Reading the two-page edict released by Attorney General Jefferson Sessions I had the feeling I was missing something. I scoured the Internet looking for misplaced pages, at first assuming, and then praying that there had been unintentional omissions. Oversights. The directive by the Attorney General ordered the Department of Justice to review all agency activities—e.g., active research grants, investigations, agreements with police departments—with the intent of ensuring they align with this administration’s agenda. But the values that are missing from that agenda represent much of what we have learned works in policing: that we are safer when we 1) value protecting the most vulnerable, 2) work hard to earn trust, 3) measure what’s important, and 3) treat people fairly and with as little coercion as possible. We must wait to see the outcome of the review. But it is not too early to point out these oversights and to insist that our shared values and collective wisdom not become permanent omissions from the work of Justice.
First, where is the Attorney General’s affirmation that DOJ defends civil rights? He notes that, “It is not the responsibility of the federal government to manage non-federal law enforcement agencies.” Surely, though, protecting those vulnerable to mistreatment is a value central to a Department of Justice’s existence. During the Obama administration that value was reflected in the Civil Rights division opening 25 investigations into law enforcement, 14 of which became consent decrees DOJ will review under the AG’s order.

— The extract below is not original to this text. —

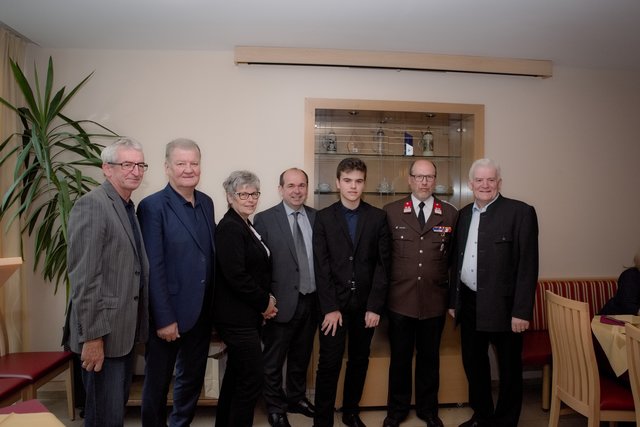 V. l. Vbgm. Alfred Domokosch, Vbgm. Walter Holzleithner, Vbgm. Regina Habith, Kulturobmann Klaus Wahlmüller, Sebastian Bauer, Gernot Wölfel, Bgm. Gunter Kastler | Foto: Marktgemeinde Hörsching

Importantly, this has never been an “anti-police” value. Several consent decrees mandate interventions to improve office health. Moreover, the best evidence available suggests that consent decrees broaden access to civil liberties and have lasting influence. Protecting civil rights is a job the federal government must do and can do effectively. It is also a value that cannot be overlooked.
Second, where does the Attorney General demonstrate that he understands how trust works? His order states that, “The misdeeds of individual bad actors should not impugn or undermine the legitimate and honorable work that law enforcement officers and agencies perform.” I believe he is echoing the old adage that police misconduct is the product of “a few bad apples,” and should not tarnish the profession. But, here, the “bad apples” idiom represents a mind-boggling lack of understanding—both of idiom and of trust.
The full phrase is “a few bad apples spoils the barrel.” Trust works much the same way: individual acts of misconduct damage the legitimacy of whole institutions. Recent research demonstrates that calls for police assistance (e.g., 911 calls) decline sharply after a single public instance of misconduct (e.g., a police beating). And, since there is near scientific consensus that cooperation with the law begins with trust in it and not fear of it, any pro-police agenda cannot omit the value of repairing damaged trust even as it must affirms the honor of most officers.
Next, where is the evidence that this Attorney General knows that measuring “justice” is more than measuring “crime?” His statement affirms that “statistics on crime and criminals” are essential. As a #JusticeNerd and a lead researcher on the National Justice Database, I could not agree more! Still, it is bizarre that the statement focuses on “crime and criminals” to the exclusion of data on police behavior. The FBI director called the lack of police shooting data “embarrassing” and “ridiculous,” and in far worse shape than crime data. If the Attorney General wanted to lump in police behavior with that of criminals, I imagine law enforcement would object (as would I). If he did not think police data are important—well, those same objections apply. Valuing policing means we have to care enough to measure what police do.
Finally, where are the values of fairness and decency? The Attorney General asserts that, “Recruitment and training … should focus on making law enforcement a rewarding career, and attracting and retaining well-qualified personnel.” Who could argue? But the lack of any reference to bias reduction or de-escalation is peculiar, particularly in light of the Task Force on 21st Century Policing’s report that strongly called for trainings to emphasize both. The conviction that public safety is best when applied fairly and without unnecessary coercion is glaringly absent from the administration’s agenda.
The DOJ must not forget these values or the science that supports them because the alternative is dangerous. Voiding consent decrees robs communities of the federal support often vital to making the most difficult—and meaningful—changes. Chiefs who navigate consent decrees report that the process is painful, but that change could not succeed without federal intervention. Further, a federal retreat from communities that protested so ardently could further erode trust in government—the value that most breeds public safety.
When the nation is so divided, it is critical that the federal agency charged with oversight of civil rights corrects the oversights in the Attorney General’s statement. To allow them to stand risks not only compromising our values, but also omitting the decades of lessons that science and experience have taught us—and the justice those lessons made possible.